▸ About this exercise:
For the records below, the count of lines that hold "perpendicular" is required; give only that number.

[Records provided — start]

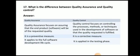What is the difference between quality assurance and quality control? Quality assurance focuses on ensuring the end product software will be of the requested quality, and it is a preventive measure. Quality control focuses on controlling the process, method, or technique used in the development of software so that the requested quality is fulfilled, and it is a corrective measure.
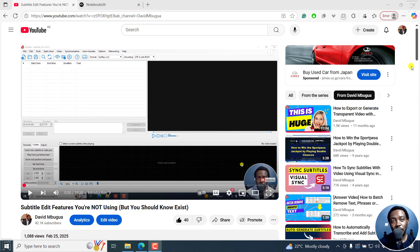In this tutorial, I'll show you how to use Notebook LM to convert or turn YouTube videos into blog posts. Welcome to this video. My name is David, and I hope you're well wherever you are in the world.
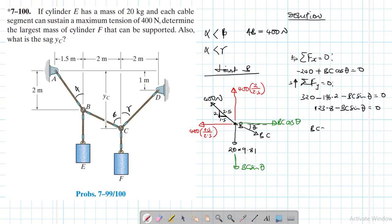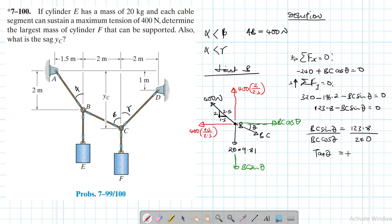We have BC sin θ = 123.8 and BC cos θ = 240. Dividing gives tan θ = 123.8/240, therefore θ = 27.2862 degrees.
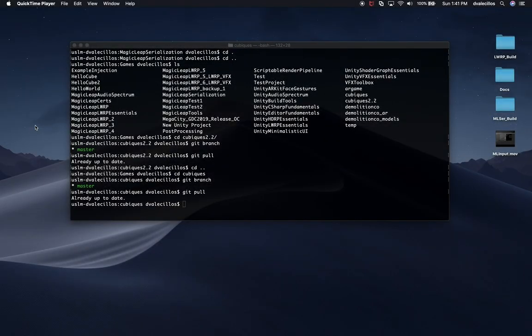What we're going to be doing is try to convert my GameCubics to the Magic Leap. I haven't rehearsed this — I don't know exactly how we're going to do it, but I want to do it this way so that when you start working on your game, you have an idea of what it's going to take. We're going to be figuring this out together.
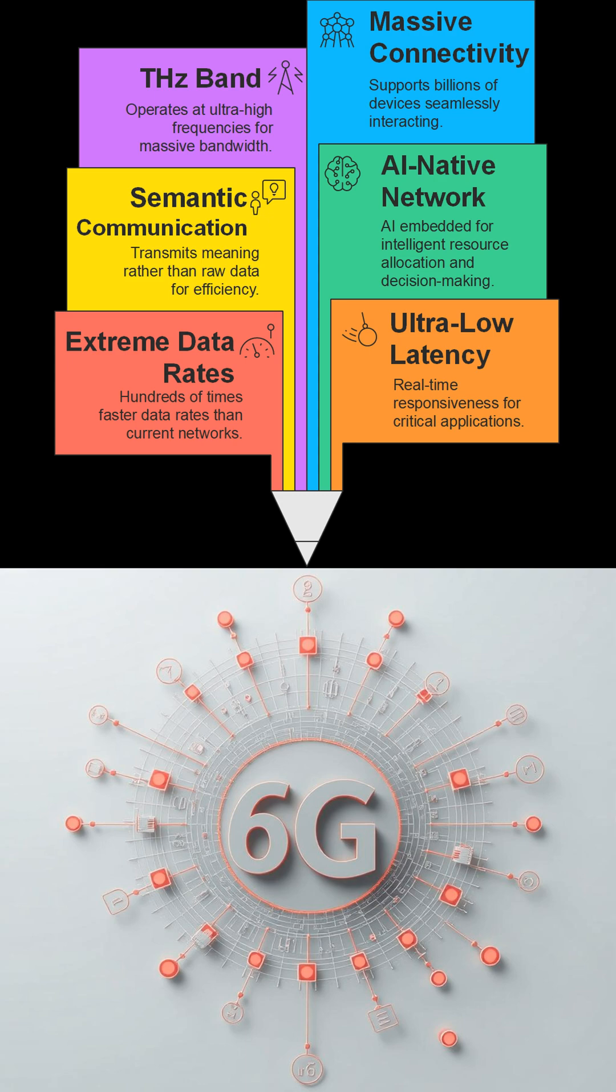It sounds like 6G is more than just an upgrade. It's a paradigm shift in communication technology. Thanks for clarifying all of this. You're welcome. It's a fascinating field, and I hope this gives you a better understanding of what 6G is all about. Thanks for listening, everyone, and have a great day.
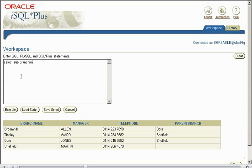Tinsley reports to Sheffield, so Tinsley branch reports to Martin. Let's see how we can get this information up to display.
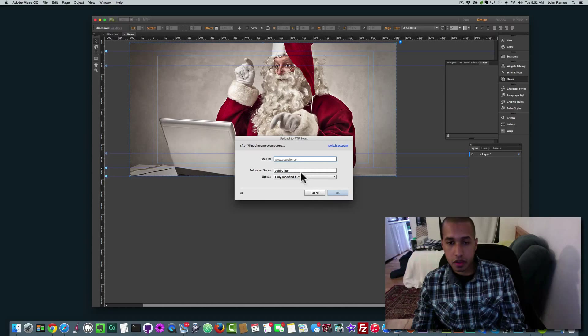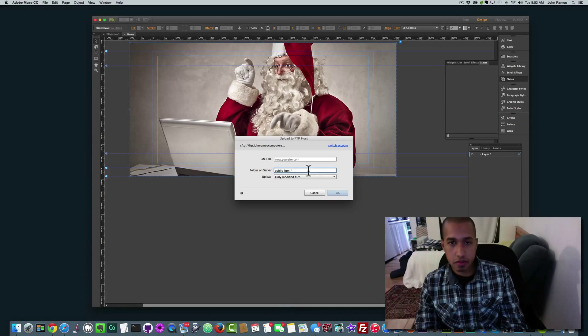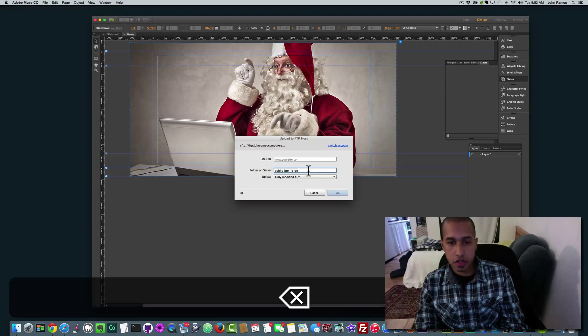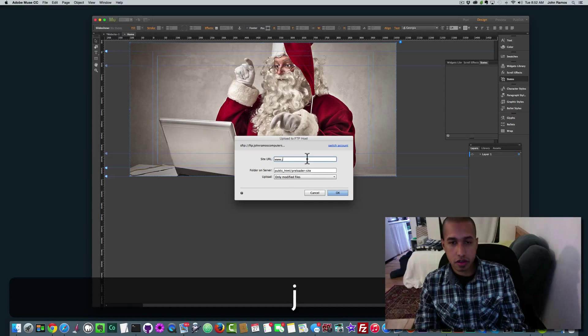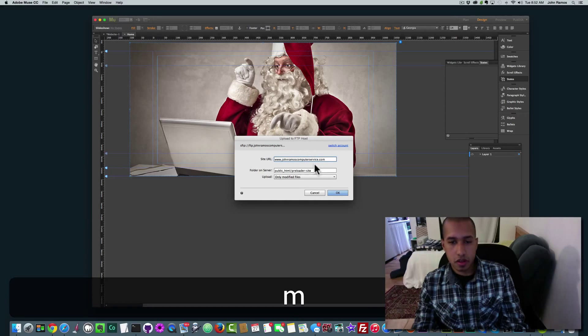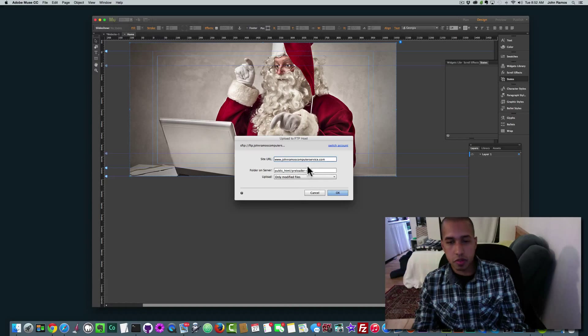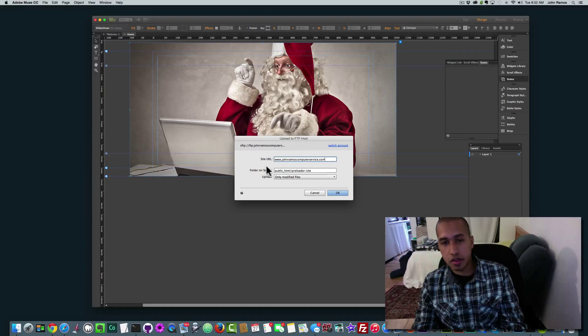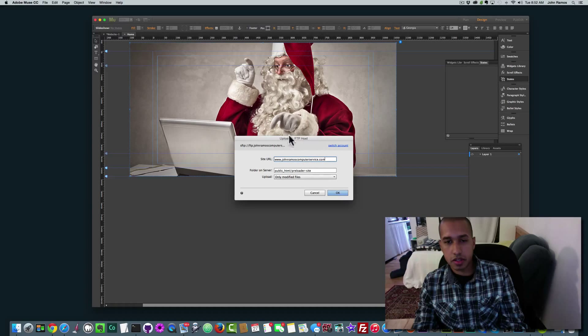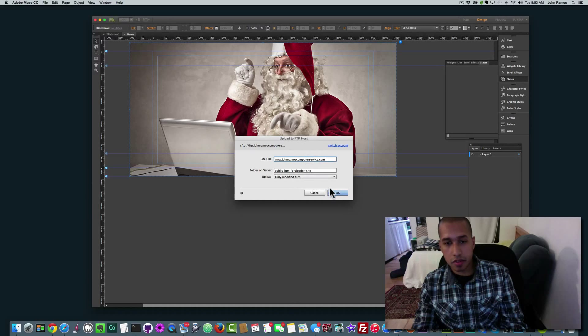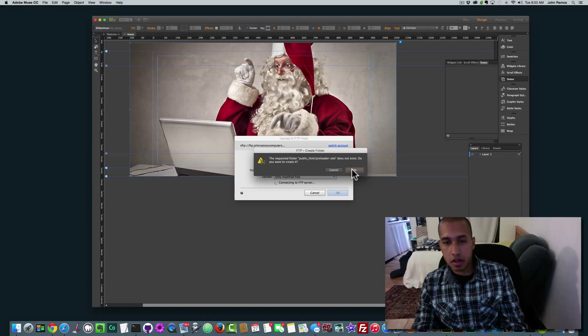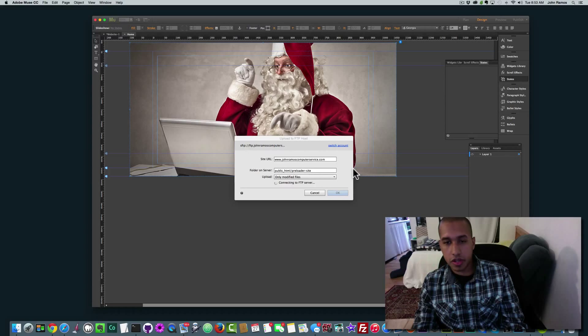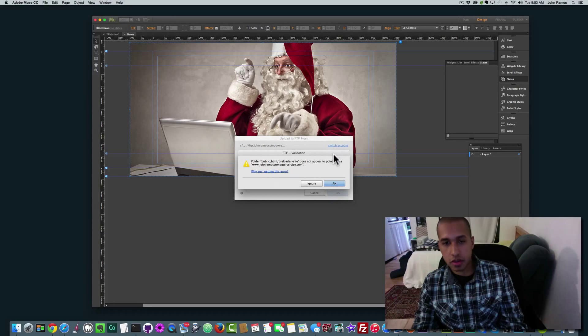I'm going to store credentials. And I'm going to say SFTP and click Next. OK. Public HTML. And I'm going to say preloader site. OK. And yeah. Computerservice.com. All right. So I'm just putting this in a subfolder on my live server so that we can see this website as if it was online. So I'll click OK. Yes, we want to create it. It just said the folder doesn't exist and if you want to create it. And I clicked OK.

[Records provided — finish]
[Records provided — start]

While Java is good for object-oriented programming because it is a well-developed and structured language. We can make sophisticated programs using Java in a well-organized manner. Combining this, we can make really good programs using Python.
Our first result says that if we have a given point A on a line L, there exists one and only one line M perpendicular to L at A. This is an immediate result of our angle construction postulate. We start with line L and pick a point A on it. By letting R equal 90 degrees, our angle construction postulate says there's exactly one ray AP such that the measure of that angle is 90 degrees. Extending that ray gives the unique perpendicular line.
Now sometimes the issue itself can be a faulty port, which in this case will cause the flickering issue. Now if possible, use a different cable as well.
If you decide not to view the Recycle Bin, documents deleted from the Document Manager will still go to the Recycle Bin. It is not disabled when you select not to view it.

[Records provided — finish]
[Records provided — start]

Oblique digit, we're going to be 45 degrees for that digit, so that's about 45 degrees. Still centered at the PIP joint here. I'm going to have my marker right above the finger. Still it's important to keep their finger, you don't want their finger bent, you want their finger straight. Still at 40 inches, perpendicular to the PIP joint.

[Records provided — finish]

▸ Response:
2